EUR/USD ihaleleri takip edecek. ABD tahvil faizlerindeki yükselişin sürmesine paralel olarak EUR/USD baskı altında kalmaya devam ederken 1,1950’nin altındaki rakamların aşağı yönlü risk yarattığını düşünmeye devam ediyoruz. Bu noktada aşağıda 200 günlük hareketli ortalamanın da geçtiği 1,1818 seviyesinin ilk önemli destek olduğunu söyleyebiliriz. Öte yandan ABD Hazinesi’nin bugünden başlayarak önümüzdeki üç gün boyunca sırasıyla 3, 10 ve 30 yıl vadeli tahvil ihaleleri gerçekleştirecek olması ihalelere gelecek talebin ve oluşacak faizin paritenin görünümünde belirleyici olacağına işaret ediyor. Kaldı ki, Çarşamba günü aynı zamanda Almanya’da 5 yıl vadeli tahvil ihalesi gerçekleşecek. Bu nedenle ECB toplantısı öncesinde yön arayışında ihale sonuçlarının belirleyici olmasını bekliyoruz.

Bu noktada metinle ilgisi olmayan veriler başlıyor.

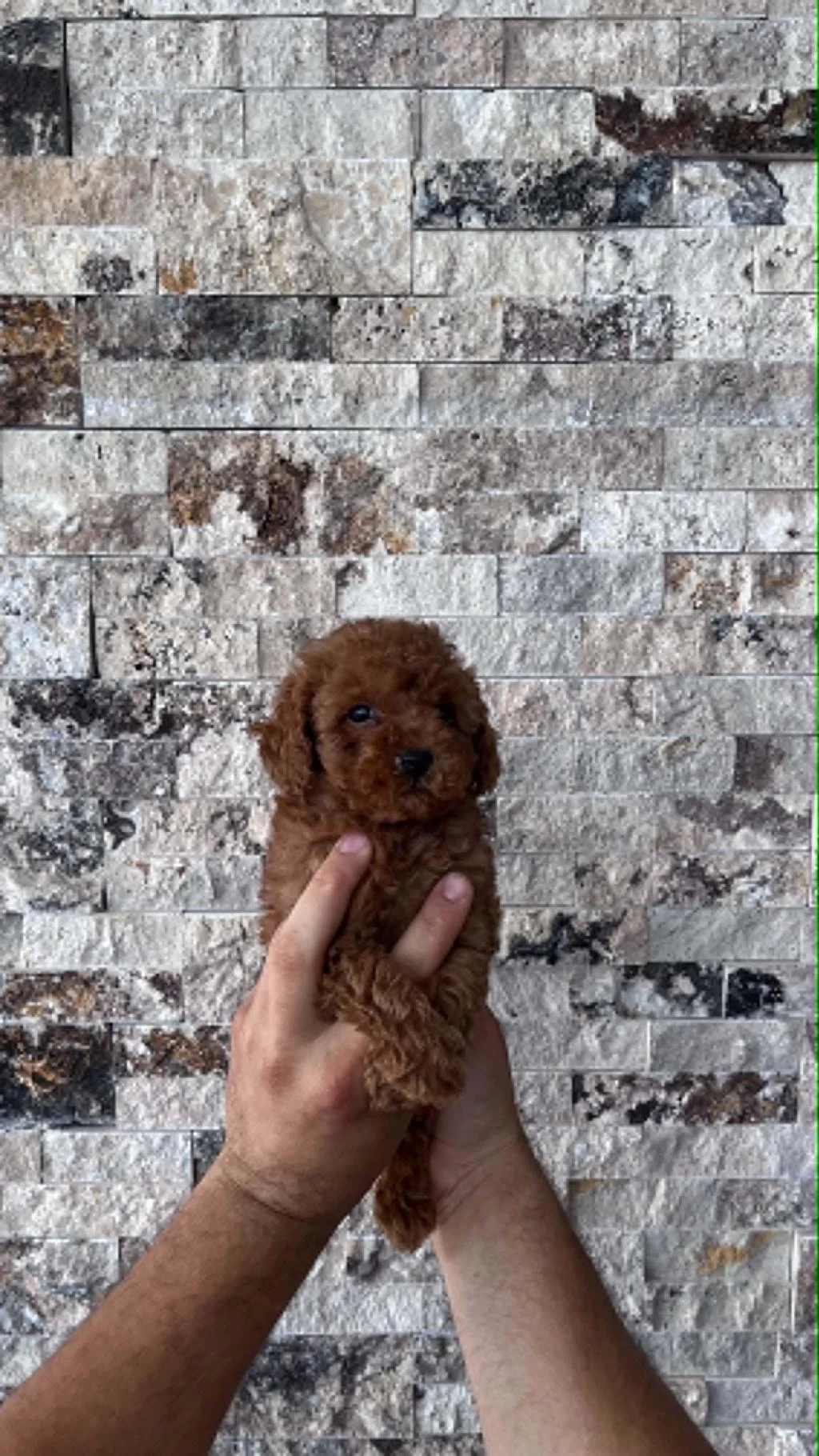 Mikrochipli Red Brown Orjinal Kore Kan Poodle Yavrular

USD/TL 7,75’in üzerini test etmeye başladı. Mart ayı başında yaptığımız yorumlarda USD/TL’nin 7,20-7,40 bandındaki hareketlerini yön arayışı olarak değerlendirdiğimizi belirterek söz konusu bandın hangi yöne doğru kırılacağının izlenecek yön hakkında daha fazla fikir vereceğine dikkat çekmiştik. 7,40’ın aşılması ile birlikte teknik açıdan yukarı yönlü riskler de artmıştı. Dolayısıyla sadece teknik görünüm göz önünde bulundurulduğunda mevcut hareketin sürpriz olduğunu söylemek zor. Kaldı ki, ABD tahvil faizlerindeki yükselişin gelişmekte olan ülke para birimleri açısından topyekûn risk yarattığını da unutmamak gerekiyor. Mevcut şartlar altında ise 7,65’in üzerinde olunmasının teknik görünüm açısından negatif olduğunu düşünüyoruz.

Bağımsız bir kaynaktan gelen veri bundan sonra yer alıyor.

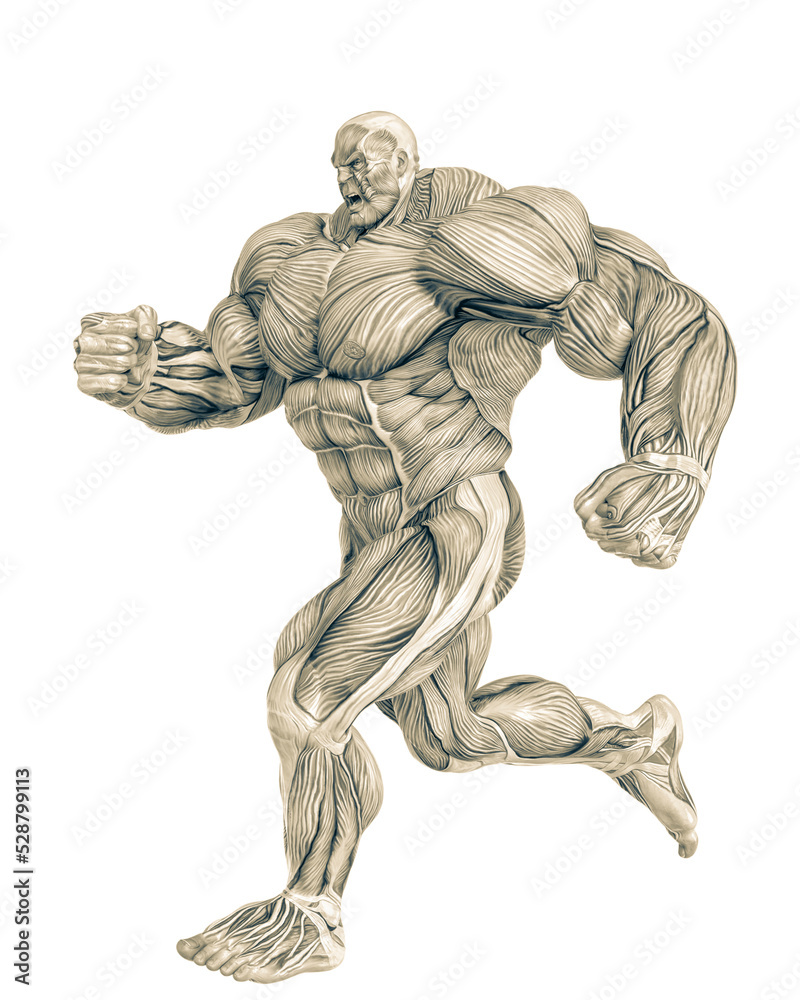 muscle maps of a strong man running on side view muscle maps of a strong man running on side view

Ons altın güç kazanmakta zorlanıyor. Altının ons fiyatı destek bölgesi olarak gördüğümüz 1690-1700 dolar bandının üzerinde kalarak yukarı yönlü tepkiler verse de bu tip yükselişlerin büyük resmi değiştirmek için yeterli momentumu sağlamaktan uzak olduğunu görüyoruz. Bu noktada özellikle ABD tahvil faizlerindeki yükselişin fiyatlar üzerinde belirgin şekilde baskı yaratmaya devam ettiğini söyleyebiliriz. Buradan yola çıkarak önümüzdeki üç gün boyunca ABD’deki tahvil ihalelerine gelecek talebin değerli metallerin sergileyeceği performans açısından önemli olduğunu düşünüyoruz.